OnDemand will form the cornerstone of Novell's future ASP services. To provide a hosting solution, Novell can combine the package with Novell's caching technology as well as with iChain security and e-business services and a front-end piece such as Novell's planned NDS Web portal, code-named Blackhawk, Novell executives said.

According to Monty Sharma, vice president of service provider networks at Novell, the company will be emphasizing both OnDemand and directory services as critical pieces for service providers. The directory can be used as a single management point for tying big software pieces, such as billing and customer support, into the ASP environment, as well as linking internal and external networks.

Sharma said that Novell's "one Net [strategy] is ASP targeted" and can provide a centralized solution to enable companies to manage their hosted applications.

Novell sees OnDemand as a core piece of that solution, said Troy Martin, a product manager for Novell OnDemand Services. Using OnDemand, a company can grant and revoke rights to an object stored in the directory for a fee. A user is authenticated through eDirectory, which is included in the browser-based OnDemand. Based on an access profile, a user is presented with a selection of services and content to purchase. Back-end billing, reporting, and merchant services connect via the DirCommerce engine, which also tracks usage figures for reports.

"We call this file-and-print on steroids," said Mike Brown, product manager with Novell's OnDemand Services. "This is a logical extension of what directories have done in the past" in storing access profiles.

Brown said OnDemand is targeted at ASPs and ISPs with hosted services as well as enterprises who may want to host services that employees could access when needed, with costs billed to their department. The service potentially could be expanded to peer-to-peer networks as well, because its user-access management and profile capabilities could be combined with a digital rights management layer and content tagged for access by specific profiles, to ensure that copyrights were not being violated.

The release of OnDemand marks the first venture into a consumption or subscription-based pricing model for Novell, Brown said.
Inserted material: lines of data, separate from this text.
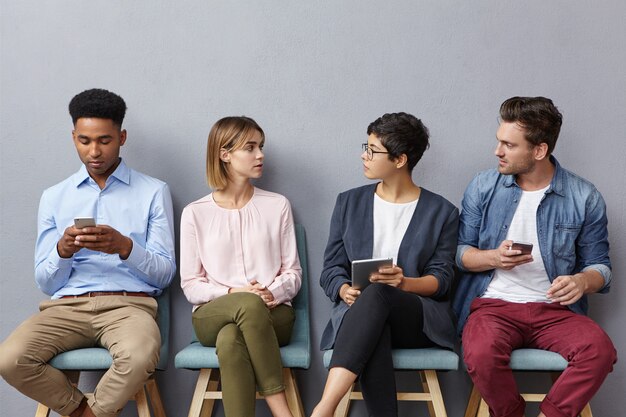 Jovens empreendedores talentosos discutem, sentam em cadeiras na fila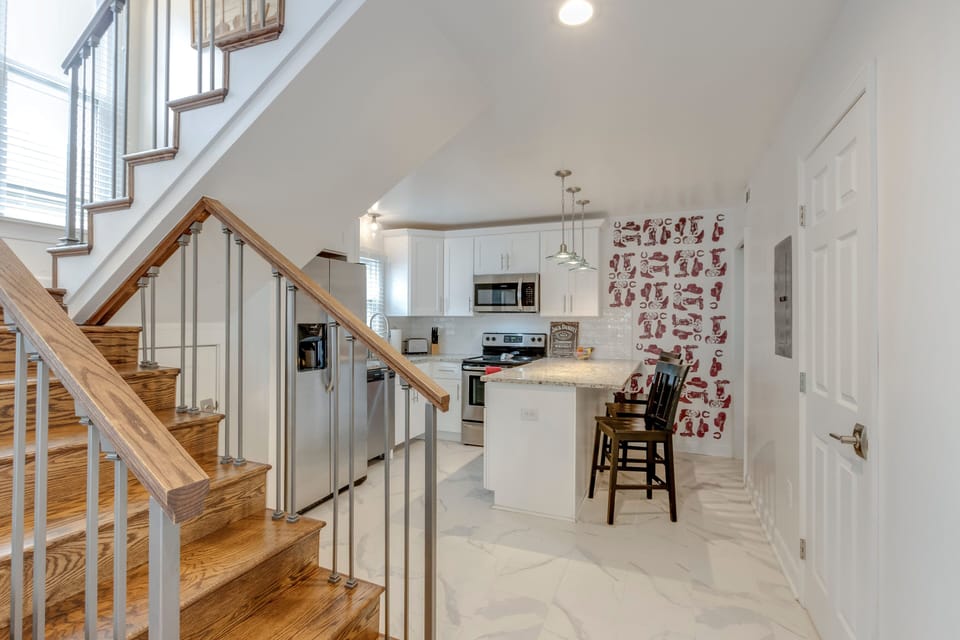 Modern white kitchen with granite island, stainless appliances & seating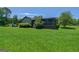 This spacious backyard with mature trees features an expansive lawn and a screened-in porch at 1828 Pitts Chapel Rd, Newborn, GA 30056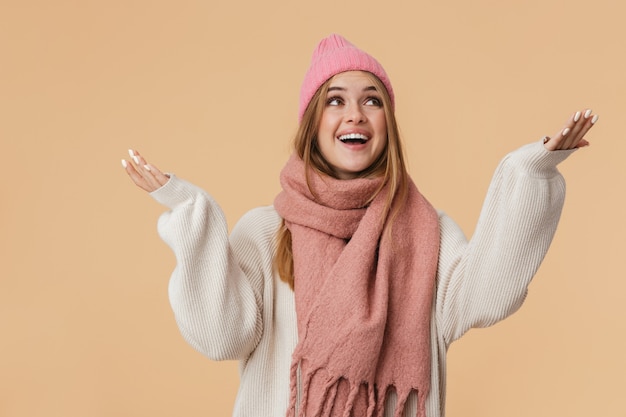 Portrait de jeune fille portant un chapeau d'hiver et une écharpe souriant et regardant vers le haut avec les bras grands ouverts isolé sur beige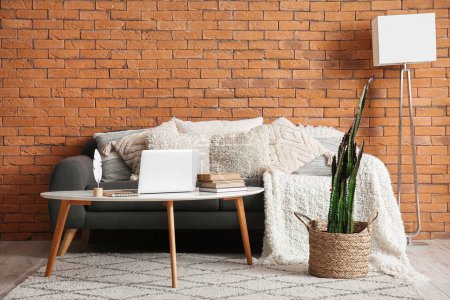 Foto de Interior de la sala de estar con sofá acogedor, ordenador portátil moderno en la mesa y cactus en olla - Imagen libre de derechos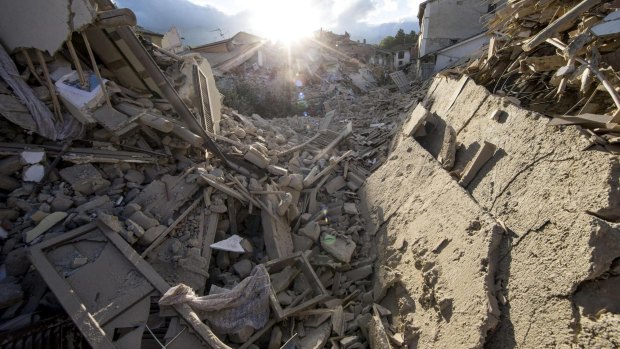 The sun rises over collapsed buildings following an earthquake in Amatrice, central Italy.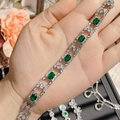 Macro detail of artificial emerald bracelet with silver metal and micro-pave crystals - Oval Green Gem Style (0028)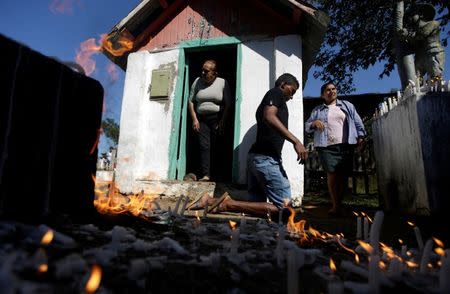 A devotee walks on his knees around a chapel to make an offering to Sao Joao do Guarani (Saint Joao of Guarani) during an annual celebration in Chico Mendes Extraction Reserve in Xapuri, Acre state, Brazil, June 24, 2016. REUTERS/Ricardo Moraes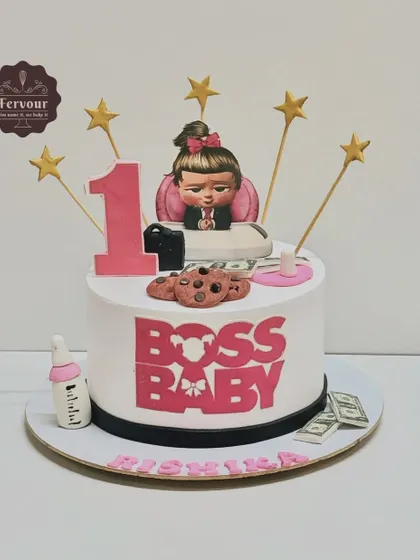 A cute Boss Baby-themed cake for a first birthday. This design features the "boss baby" girl character, along with fun details like edible money, cookies, and a baby bottle.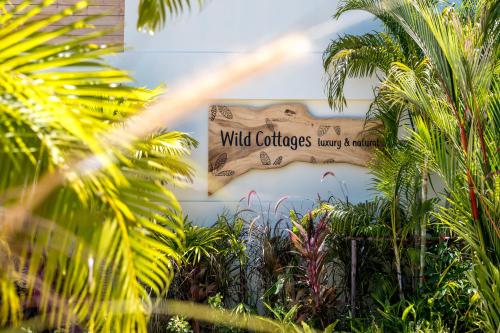 拉迈Wild Cottages Luxury and Natural - SHA Extra Plus Certified的展示了读到野生的哈里福尼亚花园通道的标志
Customers will be charged based on the number of users subscribing to the service times a monthly fee; currently, pricing is $1.10 per user per month. A second OnDemand release, OnDemand 1.5, will emerge within the next few months, with the addition of more partner technologies atop the OnDemand foundation and further access enhancements, including more identity capabilities.

"You will see pieces of OnDemand that look suspiciously like [Novell's identity-management technology] digitalme," Martin said. "It's not that we're trying to package pieces from days gone by, but there's solid technology in some of those offerings and they do make sense for this solution as we go forward."